Copy out each entry below verbatim, skipping the images.
○ ○ ○
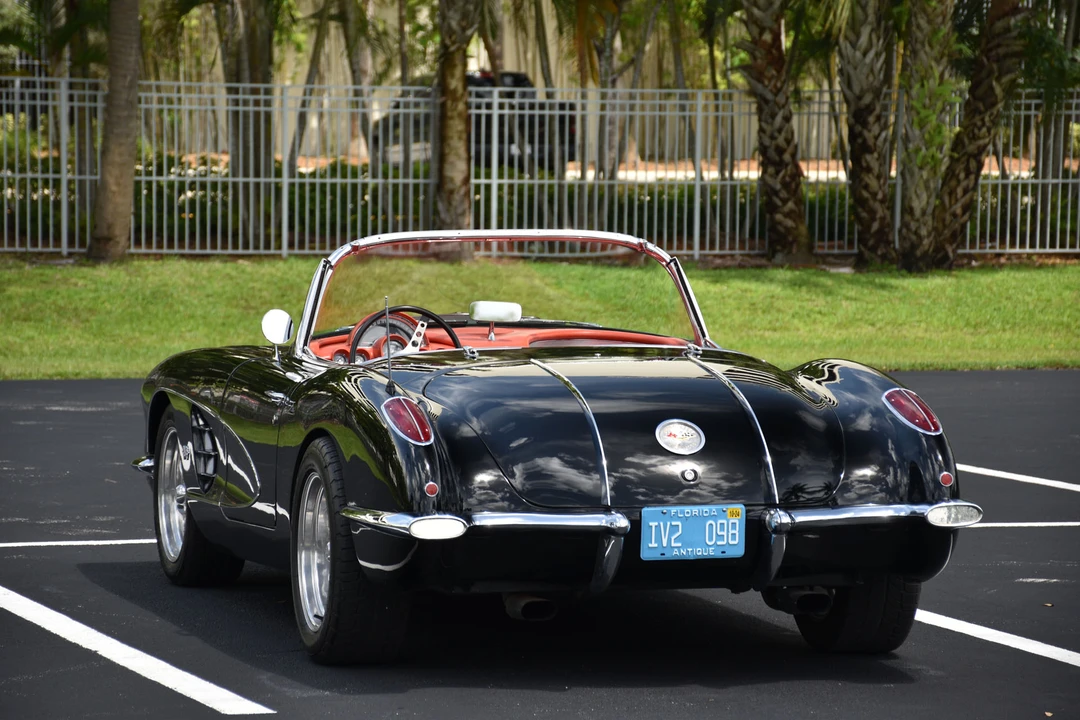 1958 Chevrolet Corvette C1 - Image 13 of 31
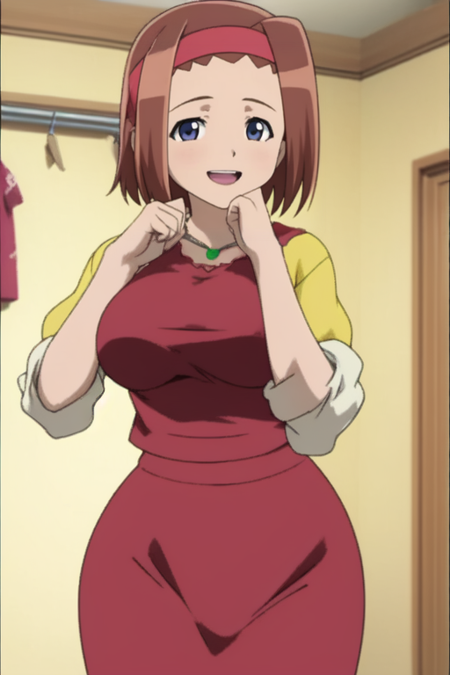 Aki Tailor (Dinosaur King)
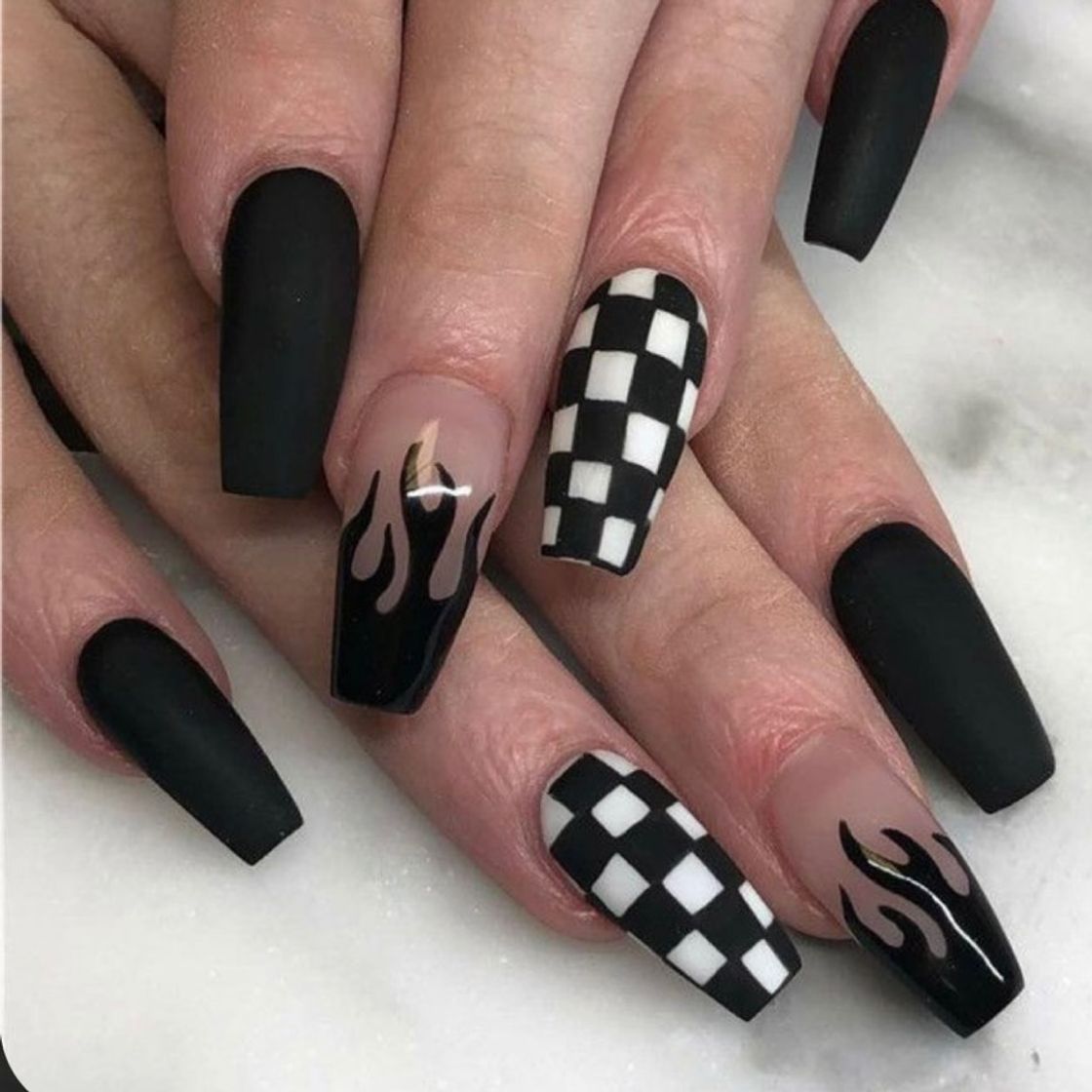 Fashion decorações para unhas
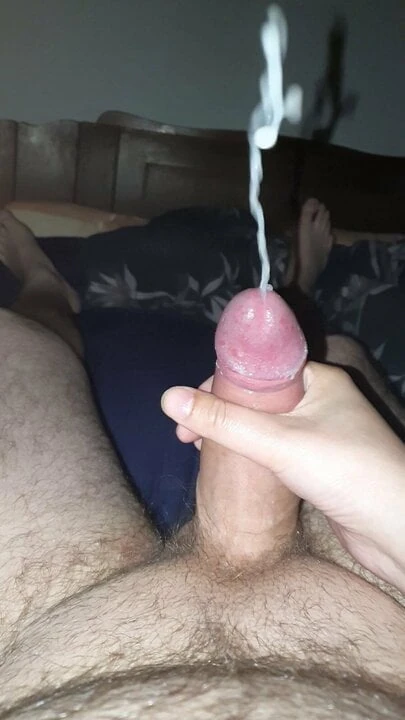 Me cumming 20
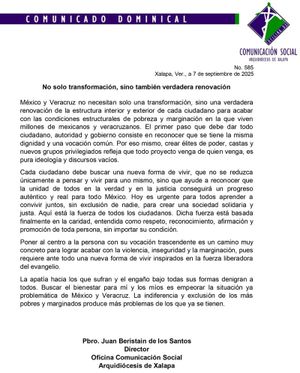 ¡IGLESIA CATÓLICA CONTRA LAS ÉLITES DEL PODER!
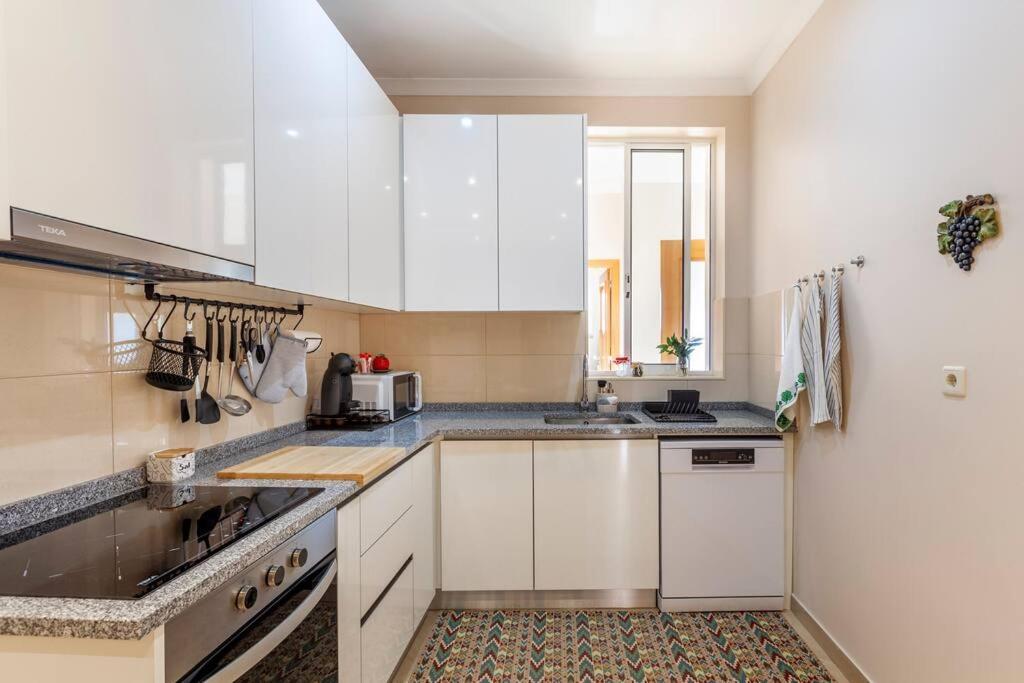 Charming 120M² In Historic Center Διαμέρισμα Lamego Εξωτερικό φωτογραφία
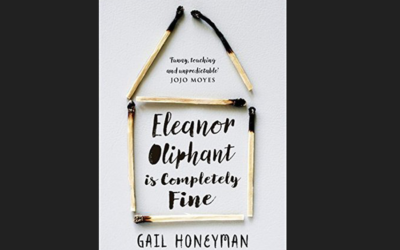 GAIL HONEYMAN – ELEANOR OLIPHANT IS COMPLETELY FINE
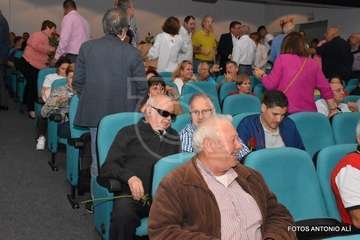 Presentación del candidato socialista a la Alcaldía de Telde (Foto TA)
○ ○ ○
[Answer to this exercise]
 1958 Chevrolet Corvette C1 - Image 13 of 31
 Aki Tailor (Dinosaur King)
 Fashion decorações para unhas
 Me cumming 20
 ¡IGLESIA CATÓLICA CONTRA LAS ÉLITES DEL PODER!
 Charming 120M² In Historic Center Διαμέρισμα Lamego Εξωτερικό φωτογραφία
 GAIL HONEYMAN – ELEANOR OLIPHANT IS COMPLETELY FINE
 Presentación del candidato socialista a la Alcaldía de Telde (Foto TA)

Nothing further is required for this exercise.